This was the one random Hellraiser sequel that I remembered watching not too long ago because I was curious about Kari Wuhrer in it. I also remember actually enjoying the entry quite a lot, even watching it out of context with the rest of the films in the series. This has been both a good and a bad thing about Hellraiser, because many of the entries can stand on their own as pretty good horror films, but at the same time, there is not a lot of connective tissue between them all.

Deader is the story of immersive investigative journalist Amy Klein, who travels to Romania after her paper receives a disturbing videotape in the mail. She starts to look into the Deaders, a strange group of people lead by a man named Winter who has found a way to bring people back from the dead. In turn, this has earned him the ire of Pinhead and the Cenobites for entering into their realm, and Amy is caught in the middle as the one person with the power to stop both of them.

A great thing about the Hellraiser sequels so far is that they have not dropped down in quality. Here we are with entry number seven, and the film is stylistically and visually very well put together. With really only one hiccup involving CGI bugs, the effects work are spot on and fit in with what we have come to love from Hellraiser. The grittiness of the setting in Romania, and the decrepit buildings, dark dungeons, and oddly converted subway cars is also reminiscent of previous films, as is the dark tone of the film. Hellraiser has not yet entered the campy, meta territory and I think that really works best with the stories that have so far been told in each entry.

Amy Klein seems like a bit of a loner with a dark past who uses the shocking stories she works on to maybe punish herself, or see how deep she is really willing to take herself. Is she suicidal, in a way? Perhaps at the beginning, but I think she gets a nice character arc throughout the course of Deader. She’s a sympathetic, likable character – a real tough girl with a relatable vulnerability. Black and white flashback scenes hint at her childhood abuse that still haunts her, and the symbolism of the knife in the chest (although I’m not for sure that she actually stabbed her father when she was a child – was that real or her redemption at the end?) is worked in nicely with the story.
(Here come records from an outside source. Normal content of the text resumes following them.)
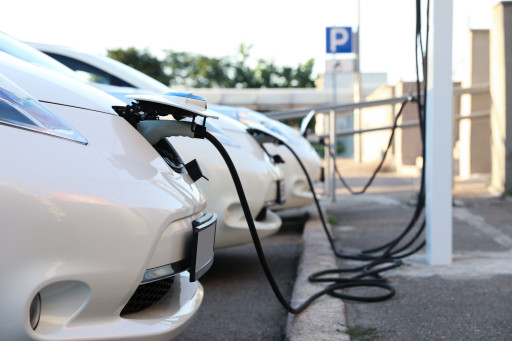 Véhicules électriques : 33 000 points de charge en Picardie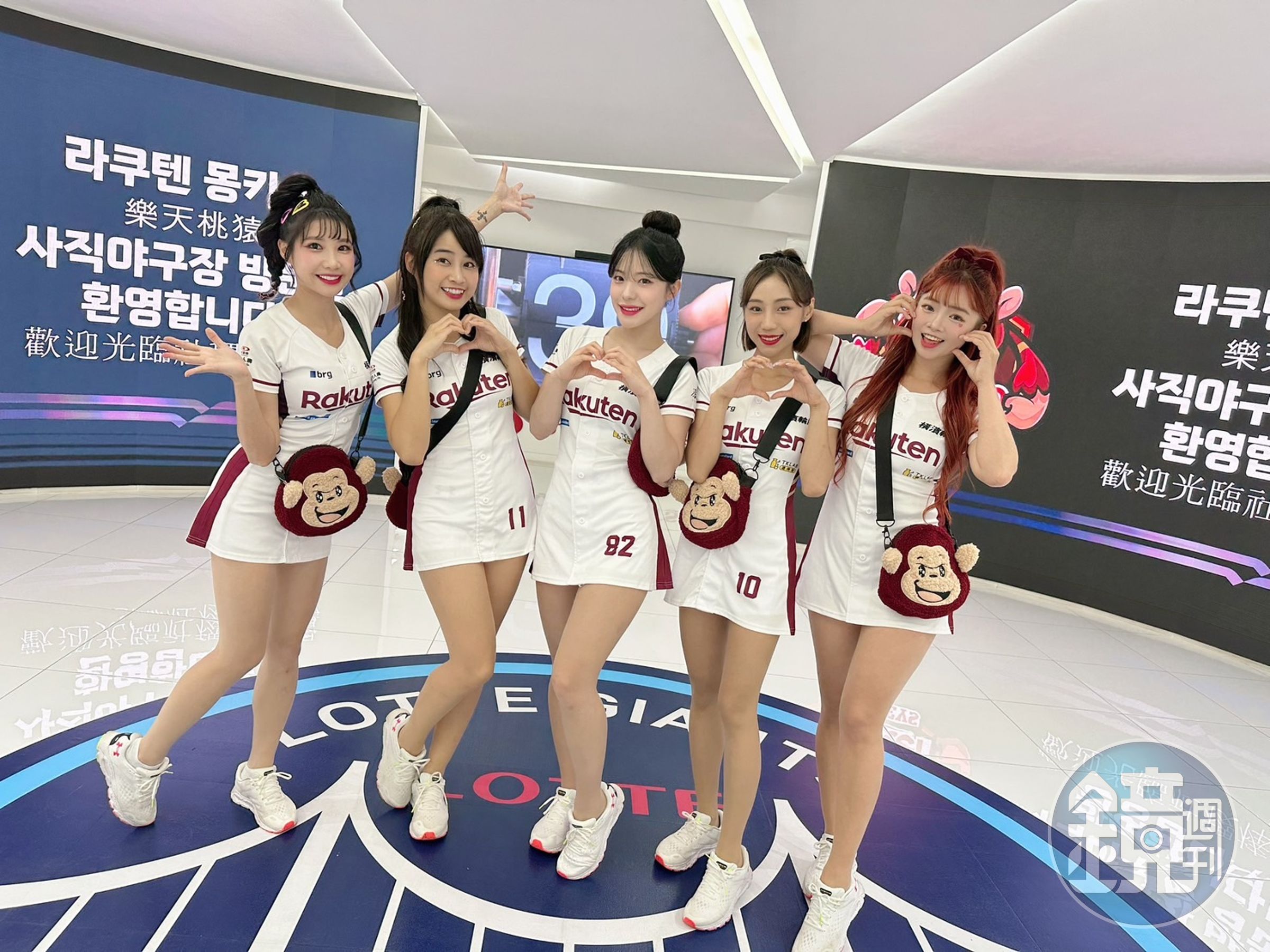 樂天女孩副隊長曲曲（右一）領軍李多慧（中）、陳伊（左二）、筠熹（左一）及卉妮（右二）前往LOTTE GIANTS釜山社稷球場擔任表演嘉賓。（樂天桃猿球團提供）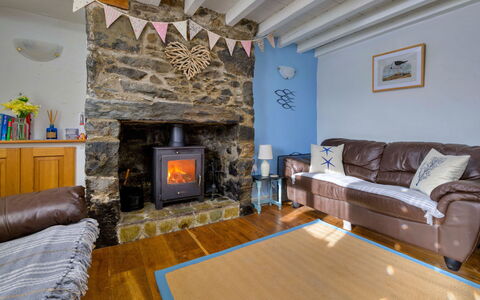 Penrhos Sea Cottage: Hout, Meubilair, Flooring, Haard, Huis, Verblijf, Woonkamer, Hardwood, Beits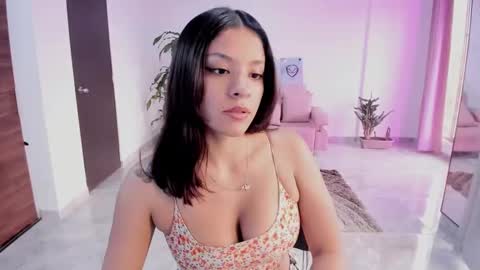 candy_fox_19 online show from 09-23-25, 07:50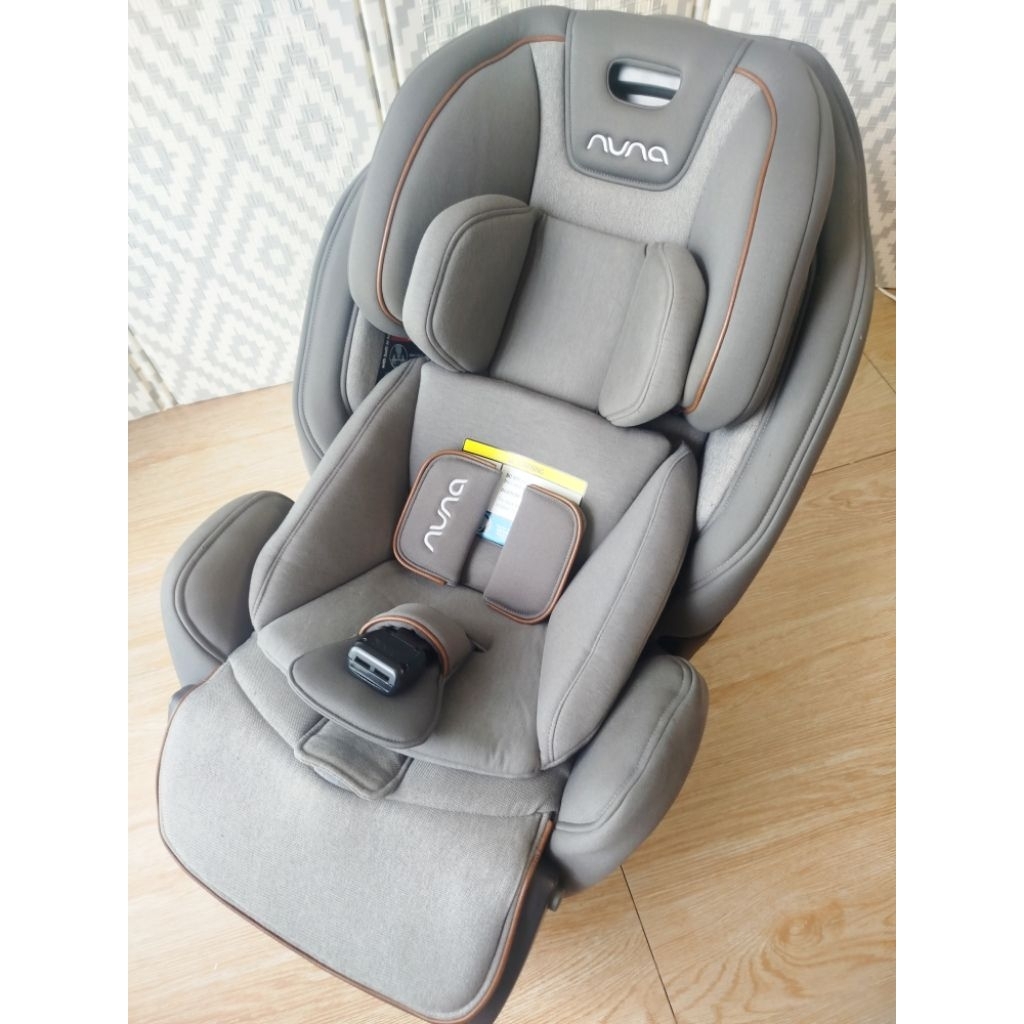 Carseat Nuna Exec Granite Grey Preloved
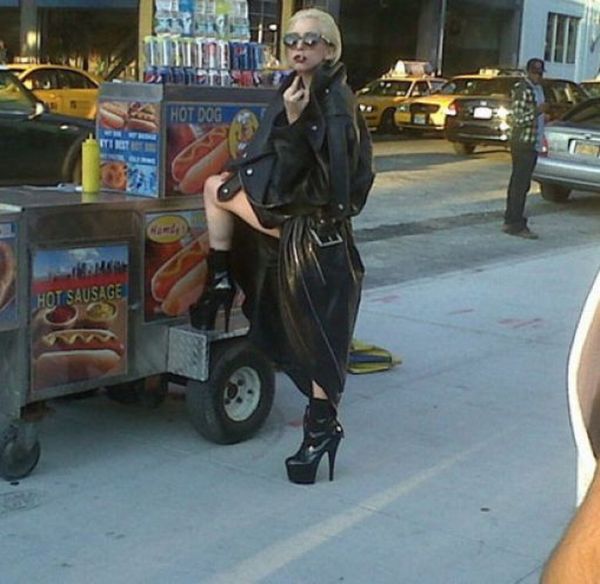 Funny Celebrity Candids of 2010 (40 pics)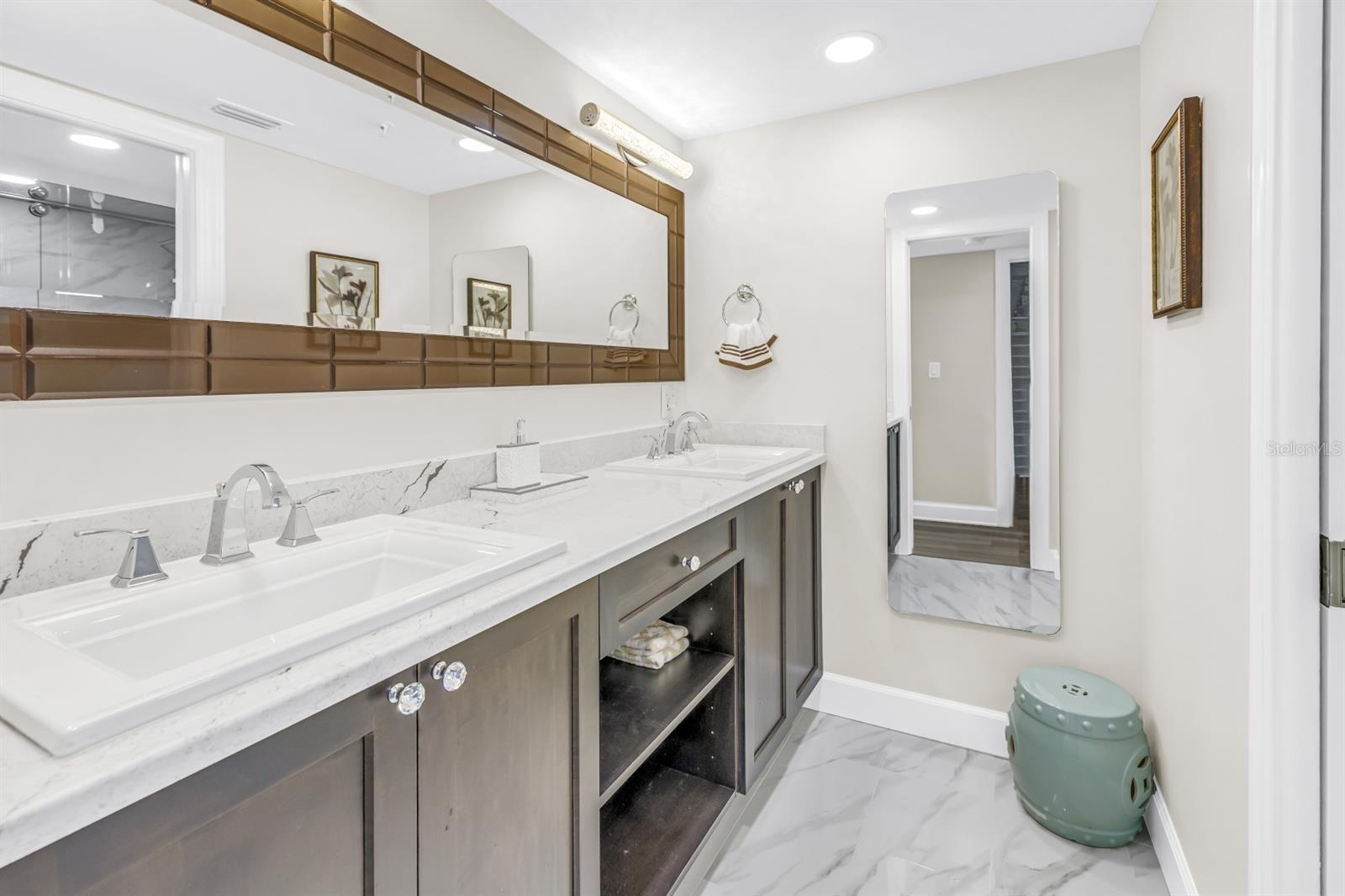 15462 GULF BLVD #1006 — photo 11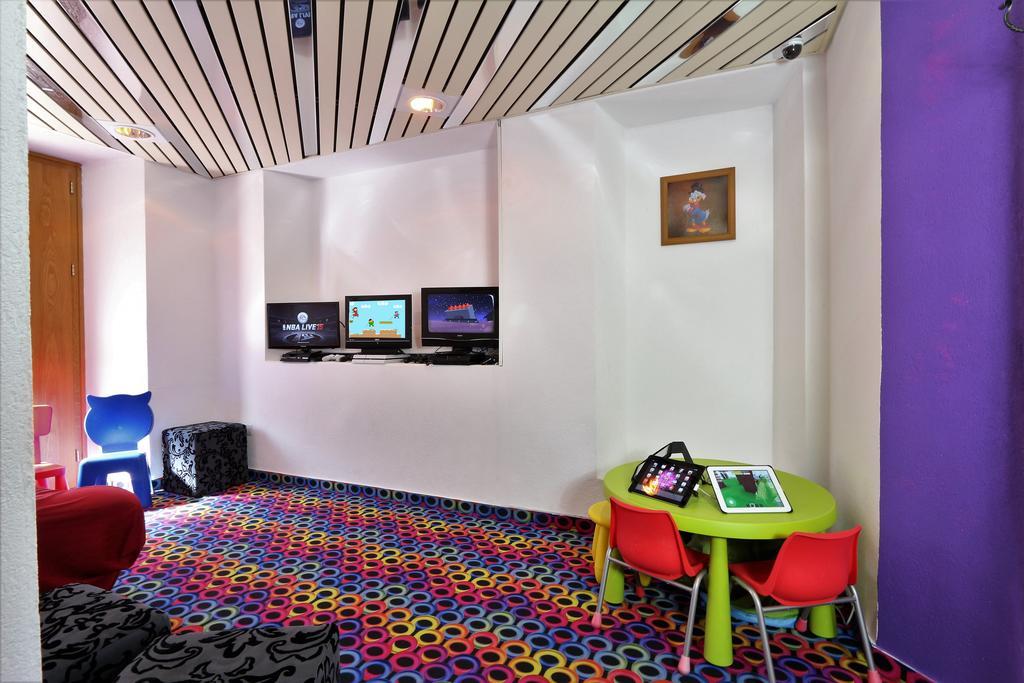 Family Hotel Desiree Грахен Экстерьер фото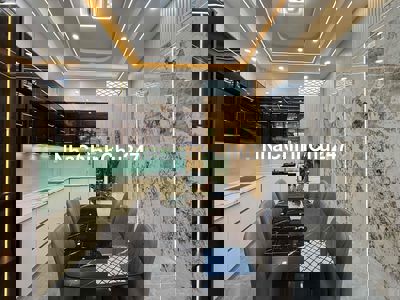 Nhà Mới Đường Hà Huy Giáp, DT:4M x15M, Trệt, 2 Lầu, 3PN, 4VS, S/thượng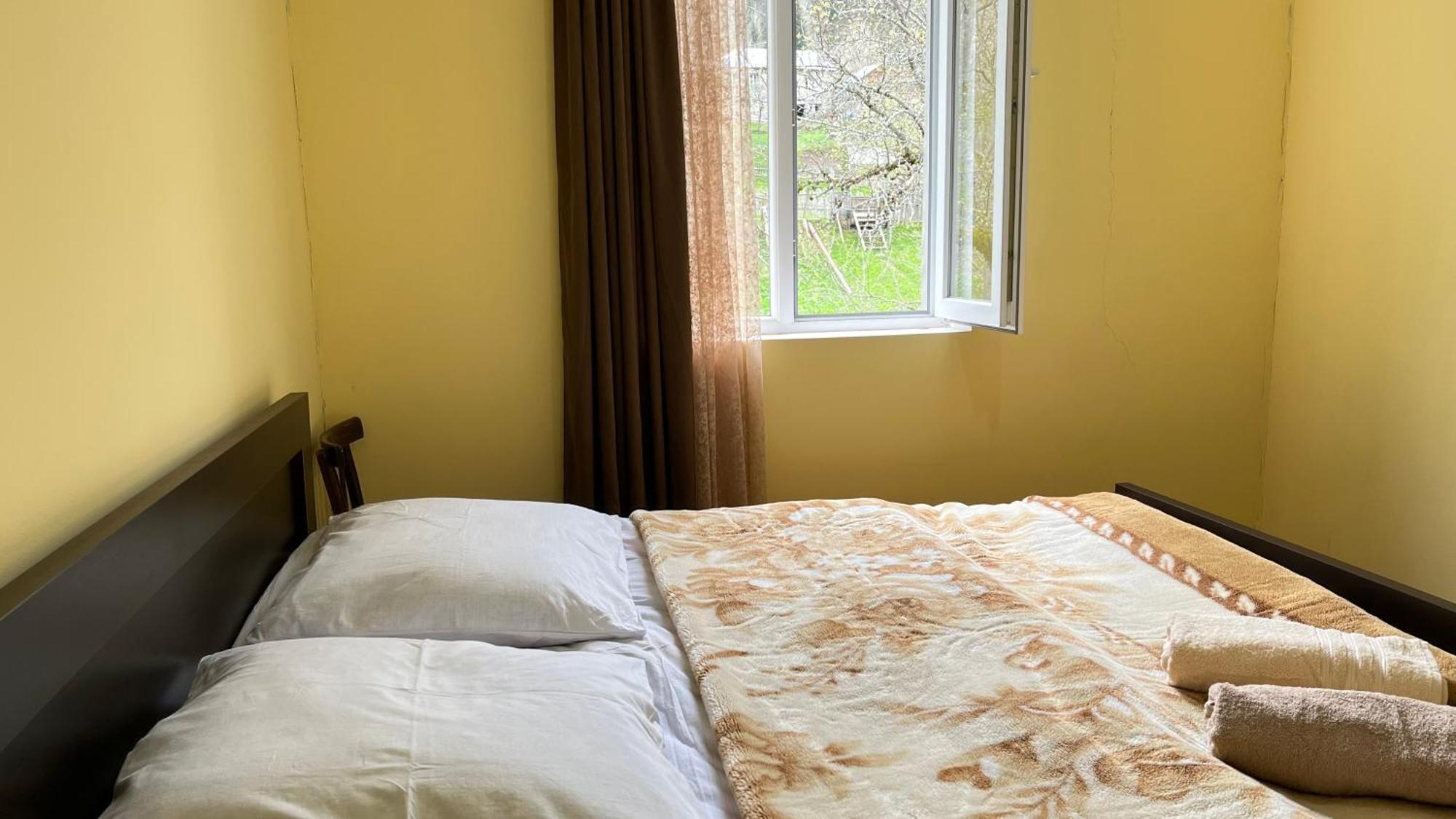 Ciuri'S Guesthouse Zhabeshi Bagian luar foto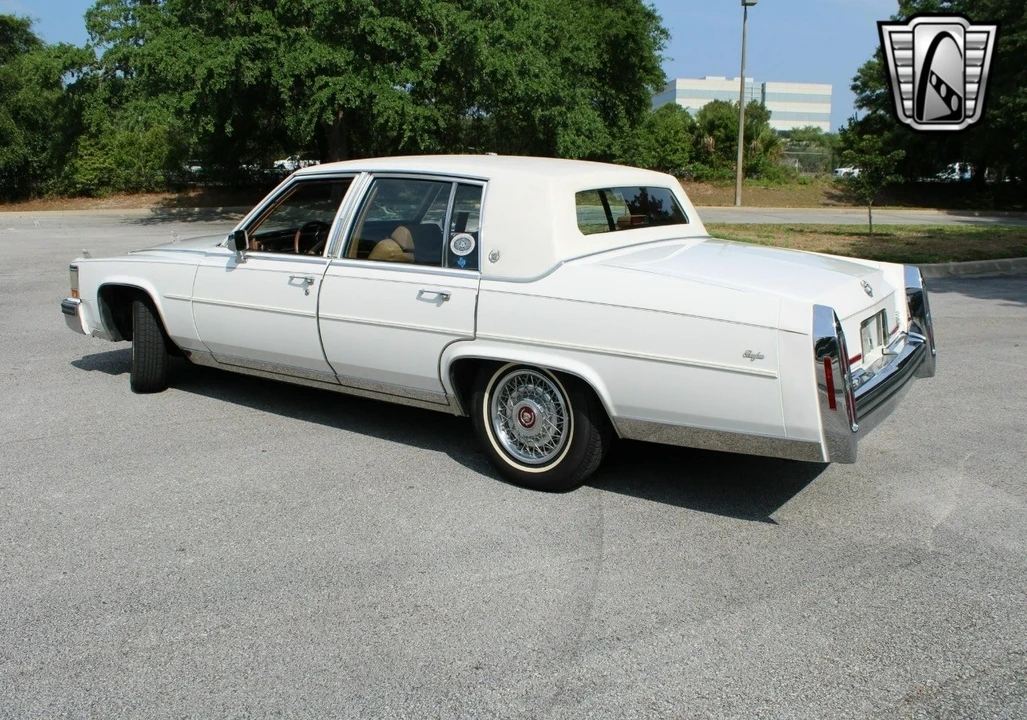 1989 Cadillac Brougham - Image 7 of 12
Surprisingly, I once again didn’t mind all that much that Pinhead and the other Cenobites are not featured characters. Pinhead and the whole Hellraiser world is a metaphor for the hell and suffering that humans are either put through or put themselves through. When Pinhead kills all the Deaders at the end of the film, he’s basically scoffing at their stupidity, saying, “Oh, you thought this world was hell? Let me show you what you think you’re after, and you’ll see that you had it much better off before.” It has become more about what Pinhead represents rather than Pinhead himself, and that’s great. The fact that Doug Bradley came back each time, except for part nine, to play Pinhead keeps the character’s mystique and power alive – when he shows up, you can still feel the fear he brings, even if it is only for a few key scenes.

The blood and gore is pretty minimal, but again, not a problem. When Amy is becoming a Deader, she has this huge knife wound in her chest, which is introduced in a great scene with Wuhrer in the bathroom discovering it. After that, she has to walk around Romania with a gaping and bleeding wound that she keeps trying to hide, which thankfully does not come off as comical when it really could have. Winter gets a nice death at the end much like Frank in the first film when he is skewered by a dozen hooks and then ripped apart, and the other Deaders get a hook and chain that plows through all of their bodies at the same time.

I honestly can’t find too much that I really don’t like about Deader. The story works, the acting is good, and aside from a couple of scene transitions that don’t make sense but you just have to chalk them up to being in the freaky dream/reality world of Hellraiser, it’s a nice entry. It works as a stand-alone and it works in the franchise, or at least what the franchise has become with Inferno and Hellseeker. I like it.